= Liu Hsia =

Taiwanese writer

Liu Hsia (劉俠 (Liú Xiá); 28 February 1942 – 8 February 2003), better known by her pen name Hsinglintzu (杏林子 (Xìnglínzǐ)), was a Taiwanese writer.

She was born in Fufeng, Shaanxi on 28 February 1942, and later moved to Taiwan, attending elementary school in Beitou. Liu was diagnosed with atrophic arthritis, a form of rheumatoid arthritis, in 1954, aged 12. Her condition ended her formal education and required the use of a wheelchair. Aged 16, Liu converted to Christianity. In the early 1970s, Liu spent two years as a volunteer with two organizations, both working with the disabled. In 1982, Liu founded the Eden Social Welfare Foundation with NT$200,000 she had won as one of ten "outstanding young women" of 1980. The organization was named after the Garden of Eden, as Liu's goal was to create a paradise for the disabled. Though she worked with six fellow Christians as cofounders, Liu was regarded as the "spiritual leader" of the organization. For her activism, Liu was later awarded the Wu San-lien Award for social service.

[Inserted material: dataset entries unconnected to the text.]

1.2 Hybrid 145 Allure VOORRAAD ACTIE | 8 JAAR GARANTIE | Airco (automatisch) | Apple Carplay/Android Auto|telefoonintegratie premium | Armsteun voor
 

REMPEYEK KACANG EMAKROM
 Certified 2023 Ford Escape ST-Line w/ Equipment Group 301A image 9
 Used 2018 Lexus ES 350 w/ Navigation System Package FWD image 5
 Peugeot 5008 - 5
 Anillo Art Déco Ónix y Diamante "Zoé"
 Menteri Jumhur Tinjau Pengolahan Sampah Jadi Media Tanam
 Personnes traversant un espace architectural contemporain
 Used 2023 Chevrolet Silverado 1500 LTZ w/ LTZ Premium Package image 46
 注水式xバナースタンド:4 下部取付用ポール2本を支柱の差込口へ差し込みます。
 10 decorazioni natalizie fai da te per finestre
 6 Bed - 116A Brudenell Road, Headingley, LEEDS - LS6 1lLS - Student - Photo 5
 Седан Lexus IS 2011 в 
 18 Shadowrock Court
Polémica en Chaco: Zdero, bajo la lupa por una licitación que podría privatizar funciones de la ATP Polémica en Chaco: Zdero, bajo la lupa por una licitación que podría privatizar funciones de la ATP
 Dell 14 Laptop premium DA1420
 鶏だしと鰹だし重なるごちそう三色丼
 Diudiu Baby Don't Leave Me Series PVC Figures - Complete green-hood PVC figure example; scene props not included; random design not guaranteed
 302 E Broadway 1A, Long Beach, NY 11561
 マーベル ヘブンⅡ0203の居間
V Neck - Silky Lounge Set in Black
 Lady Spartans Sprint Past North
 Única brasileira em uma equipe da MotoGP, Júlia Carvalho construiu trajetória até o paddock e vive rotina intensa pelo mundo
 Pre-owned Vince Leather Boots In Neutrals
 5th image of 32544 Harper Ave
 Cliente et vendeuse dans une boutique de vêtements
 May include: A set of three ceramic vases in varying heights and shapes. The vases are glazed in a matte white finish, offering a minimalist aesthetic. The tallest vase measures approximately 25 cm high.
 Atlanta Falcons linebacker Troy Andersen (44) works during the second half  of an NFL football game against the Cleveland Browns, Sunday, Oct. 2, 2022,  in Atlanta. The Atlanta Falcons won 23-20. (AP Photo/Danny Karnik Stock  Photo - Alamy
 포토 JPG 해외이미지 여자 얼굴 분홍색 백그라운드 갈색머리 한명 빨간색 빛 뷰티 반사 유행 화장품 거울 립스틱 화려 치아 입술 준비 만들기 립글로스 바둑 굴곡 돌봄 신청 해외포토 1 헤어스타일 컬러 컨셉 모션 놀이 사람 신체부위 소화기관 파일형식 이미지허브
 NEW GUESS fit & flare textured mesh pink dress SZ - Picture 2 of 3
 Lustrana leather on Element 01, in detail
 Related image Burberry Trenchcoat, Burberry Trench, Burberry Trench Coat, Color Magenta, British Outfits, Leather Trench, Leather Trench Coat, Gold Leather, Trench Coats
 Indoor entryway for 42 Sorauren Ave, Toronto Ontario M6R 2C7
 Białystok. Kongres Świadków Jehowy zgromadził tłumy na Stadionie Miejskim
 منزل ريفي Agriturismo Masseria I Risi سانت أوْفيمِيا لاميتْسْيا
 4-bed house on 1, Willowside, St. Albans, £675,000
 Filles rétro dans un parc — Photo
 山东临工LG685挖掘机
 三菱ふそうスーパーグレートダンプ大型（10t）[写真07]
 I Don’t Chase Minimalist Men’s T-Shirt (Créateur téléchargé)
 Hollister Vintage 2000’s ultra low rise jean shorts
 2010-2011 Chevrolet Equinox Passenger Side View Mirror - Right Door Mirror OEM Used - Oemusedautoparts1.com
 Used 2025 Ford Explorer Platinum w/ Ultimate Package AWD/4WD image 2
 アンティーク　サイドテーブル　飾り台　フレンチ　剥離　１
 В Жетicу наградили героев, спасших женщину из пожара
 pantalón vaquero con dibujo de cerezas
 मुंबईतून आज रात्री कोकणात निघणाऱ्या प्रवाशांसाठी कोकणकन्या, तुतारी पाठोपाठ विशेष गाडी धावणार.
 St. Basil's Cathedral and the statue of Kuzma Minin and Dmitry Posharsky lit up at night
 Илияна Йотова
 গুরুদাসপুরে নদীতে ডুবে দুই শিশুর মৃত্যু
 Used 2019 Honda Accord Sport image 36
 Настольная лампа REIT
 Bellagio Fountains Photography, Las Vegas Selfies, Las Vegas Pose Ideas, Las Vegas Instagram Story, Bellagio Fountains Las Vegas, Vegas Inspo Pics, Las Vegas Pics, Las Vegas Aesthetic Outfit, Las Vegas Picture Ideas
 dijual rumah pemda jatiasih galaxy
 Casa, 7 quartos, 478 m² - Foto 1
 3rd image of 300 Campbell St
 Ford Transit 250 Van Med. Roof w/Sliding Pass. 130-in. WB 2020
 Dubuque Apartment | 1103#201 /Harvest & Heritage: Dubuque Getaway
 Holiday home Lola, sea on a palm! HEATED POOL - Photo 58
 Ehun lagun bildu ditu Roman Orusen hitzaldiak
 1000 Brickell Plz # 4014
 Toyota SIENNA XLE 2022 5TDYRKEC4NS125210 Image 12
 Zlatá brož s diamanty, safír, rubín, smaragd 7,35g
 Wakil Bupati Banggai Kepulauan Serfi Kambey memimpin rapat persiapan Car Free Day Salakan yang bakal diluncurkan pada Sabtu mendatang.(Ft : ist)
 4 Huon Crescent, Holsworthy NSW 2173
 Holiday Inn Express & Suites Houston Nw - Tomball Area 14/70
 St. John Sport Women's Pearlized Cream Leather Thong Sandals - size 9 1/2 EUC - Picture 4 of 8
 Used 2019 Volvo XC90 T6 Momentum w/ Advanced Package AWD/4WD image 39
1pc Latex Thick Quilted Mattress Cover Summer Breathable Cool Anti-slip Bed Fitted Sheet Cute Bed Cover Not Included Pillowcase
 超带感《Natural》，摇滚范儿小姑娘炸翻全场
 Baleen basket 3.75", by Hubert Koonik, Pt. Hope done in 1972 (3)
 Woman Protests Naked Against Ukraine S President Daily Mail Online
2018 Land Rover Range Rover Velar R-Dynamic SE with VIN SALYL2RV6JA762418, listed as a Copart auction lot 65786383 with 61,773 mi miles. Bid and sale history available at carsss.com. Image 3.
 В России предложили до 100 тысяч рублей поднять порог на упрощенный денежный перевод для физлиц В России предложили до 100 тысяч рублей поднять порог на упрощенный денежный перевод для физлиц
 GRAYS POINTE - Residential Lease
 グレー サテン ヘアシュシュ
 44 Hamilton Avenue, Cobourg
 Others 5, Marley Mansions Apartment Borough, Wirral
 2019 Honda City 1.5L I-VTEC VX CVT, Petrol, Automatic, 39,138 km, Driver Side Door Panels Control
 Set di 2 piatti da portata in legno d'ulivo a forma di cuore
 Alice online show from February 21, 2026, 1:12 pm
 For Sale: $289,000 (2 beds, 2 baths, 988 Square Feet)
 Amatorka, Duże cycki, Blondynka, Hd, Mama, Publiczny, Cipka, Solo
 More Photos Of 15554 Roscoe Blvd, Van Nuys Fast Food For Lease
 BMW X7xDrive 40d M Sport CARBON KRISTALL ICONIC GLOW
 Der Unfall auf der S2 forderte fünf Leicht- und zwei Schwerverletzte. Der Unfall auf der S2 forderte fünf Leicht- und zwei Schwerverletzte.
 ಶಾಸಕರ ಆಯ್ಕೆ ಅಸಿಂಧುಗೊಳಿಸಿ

Liu launched a symbolic campaign for the Legislative Yuan in 1989, though electoral law required candidates to have completed a high school education. Liu became a national policy adviser to President Chen Shui-bian in May 2001.

Liu died of atrial flutter on 8 February 2003, at Tri-Service General Hospital. She had been dragged from her bed at home by her Indonesian caregiver, Vinarsih, resulting in broken bones and bruises. Vinarsih claimed to have dreamed of Liu's late father, who told Vinarsih to help Liu because there was an earthquake. Vinarsih was later diagnosed with a mental disorder. The incident led a group of social welfare organizations to petition for labor protections on behalf of foreign caregivers.

==Pen name==
Liu Hsia is best known by her pen name, Hsinglintzu, , literally "Child of the apricot forest", this is both an allusion to her birthplace of Xinglin Town (杏林, literally: Apricot Forest) in Fufeng County, Shaanxi province, China; and an allusion to a lifetime spent in and out of hospitals. "People of the apricot forest" () is a traditional Chinese epithet for physicians; especially for skilled ones. The epithet derives from the life of Eastern Han physician Dong Feng.